About this exercise -
An exact copy of the entries below is needed, with every picture left out.

Supplied entries -
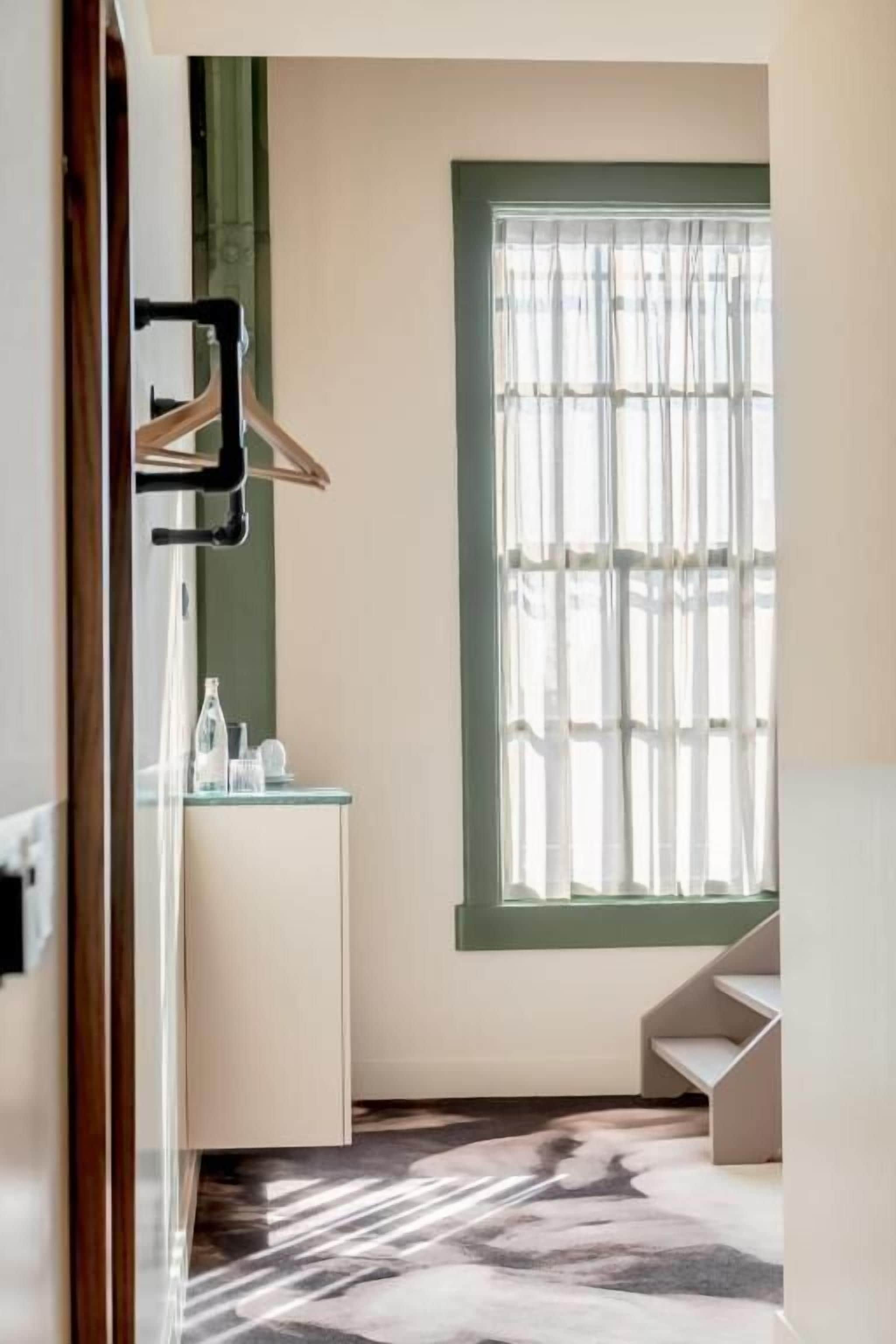 A modern bathroom with a mirror, a sink, and a window with sheer curtains.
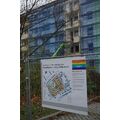 Foto: Bauzaun mit Informationstafel vor einem Abrissblock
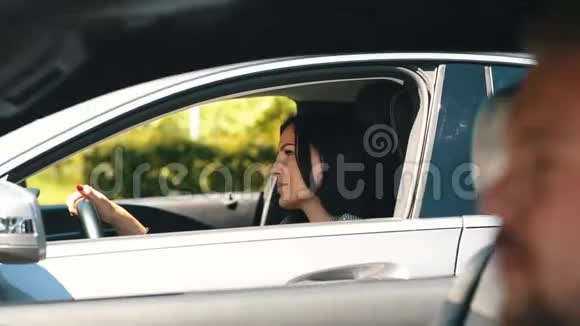 年轻的黑发女人在车里和邻车里的男人说话视频的预览图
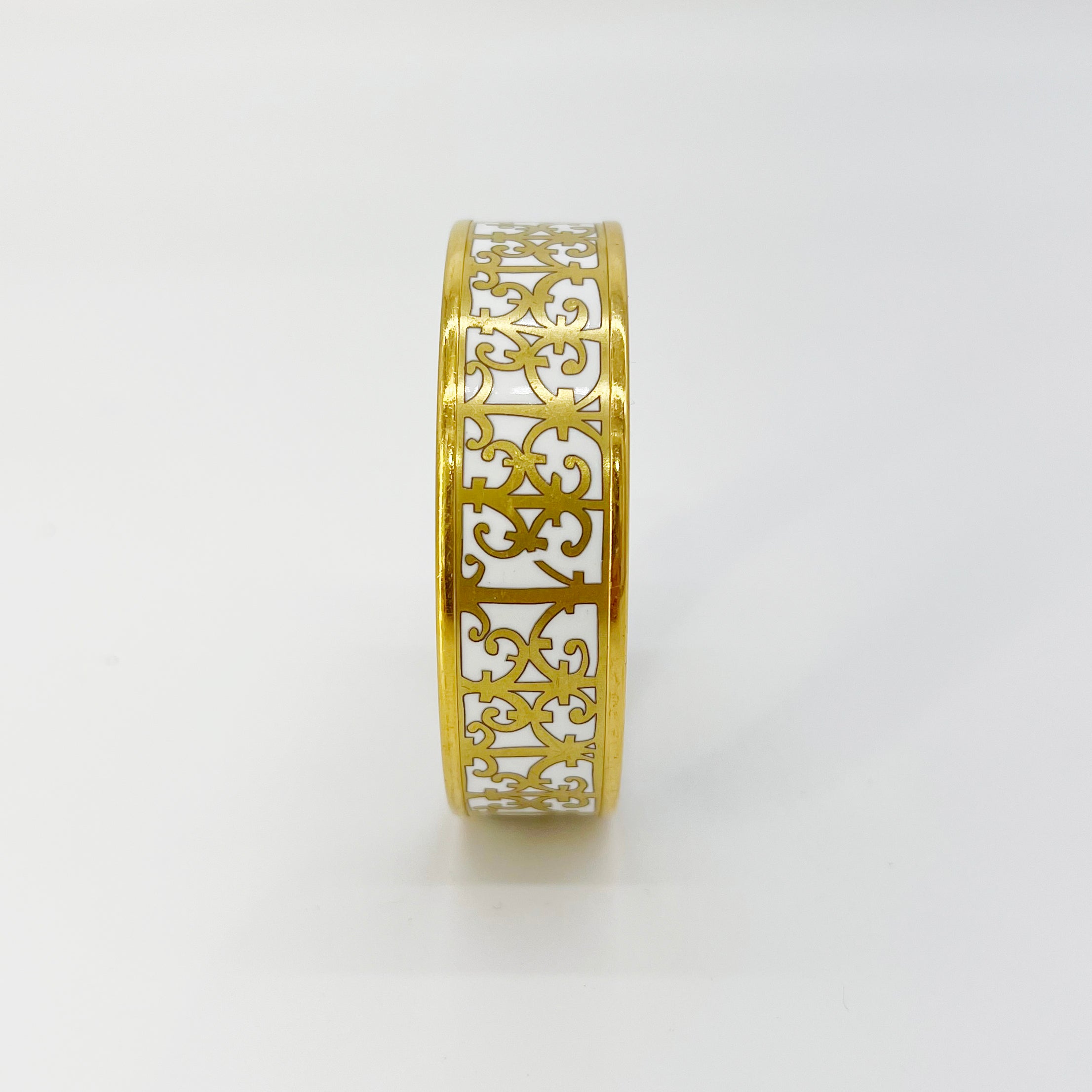 Guaranteed Authentic HERMÈS Balcons du Guadalquivir Printed Wide  Enamel Bracelet Gold Plated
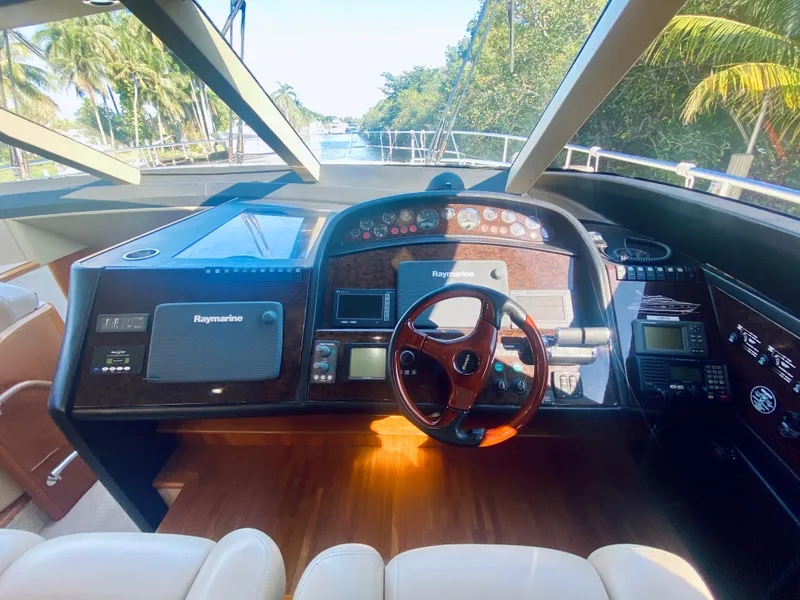 Slide: The Image of Helm of 2006 Viking Sport Cruisers 70 Motor Yacht with navigation equipment and wooden steering wheel. - 46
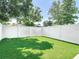 Private backyard featuring vibrant artificial turf and a tall white fence for enhanced seclusion at 6980 Ulmerton Rd # 7C, Largo, FL 33771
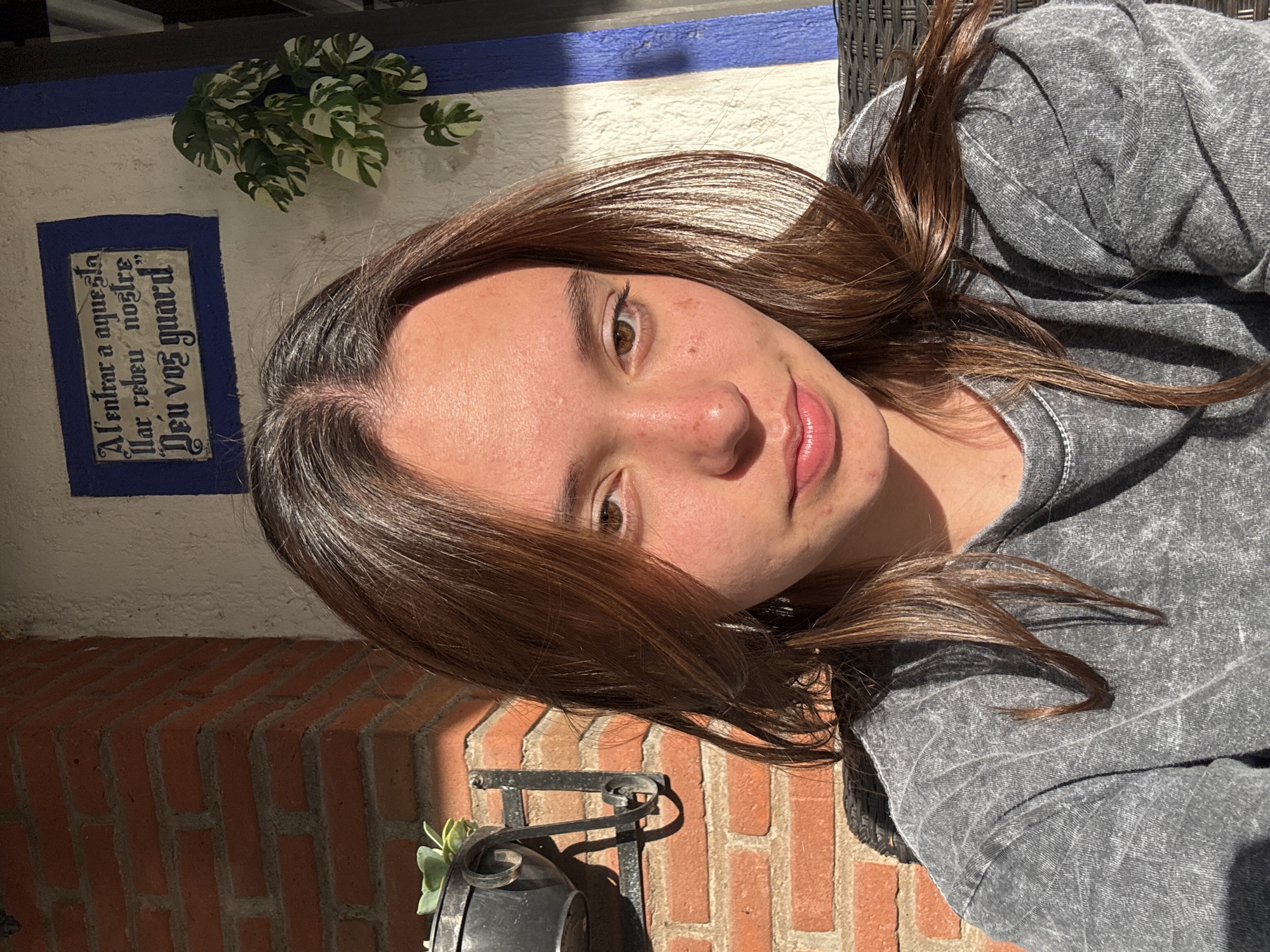 A young woman with brown hair and a gray shirt poses for a selfie. She is turned slightly to the side, with her face angled toward the camera. A portion of a brick wall is visible in the background, with a decorative metal piece and a small plant attached. Above the brick wall, there is a white wall with a blue stripe at the top. A plaque with text is also visible on the white wall, along with a small plant. The location is in Puebla, Mexico.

Problem solution -
 A modern bathroom with a mirror, a sink, and a window with sheer curtains.
 Foto: Bauzaun mit Informationstafel vor einem Abrissblock
 年轻的黑发女人在车里和邻车里的男人说话视频的预览图
 Guaranteed Authentic HERMÈS Balcons du Guadalquivir Printed Wide  Enamel Bracelet Gold Plated
 Slide: The Image of Helm of 2006 Viking Sport Cruisers 70 Motor Yacht with navigation equipment and wooden steering wheel. - 46
 Private backyard featuring vibrant artificial turf and a tall white fence for enhanced seclusion at 6980 Ulmerton Rd # 7C, Largo, FL 33771
 A young woman with brown hair and a gray shirt poses for a selfie. She is turned slightly to the side, with her face angled toward the camera. A portion of a brick wall is visible in the background, with a decorative metal piece and a small plant attached. Above the brick wall, there is a white wall with a blue stripe at the top. A plaque with text is also visible on the white wall, along with a small plant. The location is in Puebla, Mexico.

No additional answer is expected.